Brief:
Copy exactly the lines of the data below that run from the line holding "Jompers Men Orange" through the line holding "Gonna Lana&Paillettes Grigio Azzurro – Nuova", both ends included.

*** Exercise data ***

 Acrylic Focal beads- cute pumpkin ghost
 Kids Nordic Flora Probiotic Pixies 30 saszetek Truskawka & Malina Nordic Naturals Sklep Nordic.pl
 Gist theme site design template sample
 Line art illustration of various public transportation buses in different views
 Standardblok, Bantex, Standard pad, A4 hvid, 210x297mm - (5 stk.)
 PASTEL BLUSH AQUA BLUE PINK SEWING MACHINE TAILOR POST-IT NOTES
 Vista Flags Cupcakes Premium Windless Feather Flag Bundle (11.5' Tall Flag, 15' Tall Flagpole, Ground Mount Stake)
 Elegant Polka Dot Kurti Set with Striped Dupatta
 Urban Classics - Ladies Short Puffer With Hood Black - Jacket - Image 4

*** End of Exercise data ***
*** Exercise data ***

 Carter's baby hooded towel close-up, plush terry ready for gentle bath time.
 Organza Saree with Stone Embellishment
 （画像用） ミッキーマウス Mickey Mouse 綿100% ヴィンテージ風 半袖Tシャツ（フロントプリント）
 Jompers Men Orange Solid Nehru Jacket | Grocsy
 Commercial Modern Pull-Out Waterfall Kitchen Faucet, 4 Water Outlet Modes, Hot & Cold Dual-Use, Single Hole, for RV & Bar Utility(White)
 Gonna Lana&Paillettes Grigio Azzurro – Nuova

*** End of Exercise data ***

Response for this exercise:
 Jompers Men Orange Solid Nehru Jacket | Grocsy
 Commercial Modern Pull-Out Waterfall Kitchen Faucet, 4 Water Outlet Modes, Hot & Cold Dual-Use, Single Hole, for RV & Bar Utility(White)
 Gonna Lana&Paillettes Grigio Azzurro – Nuova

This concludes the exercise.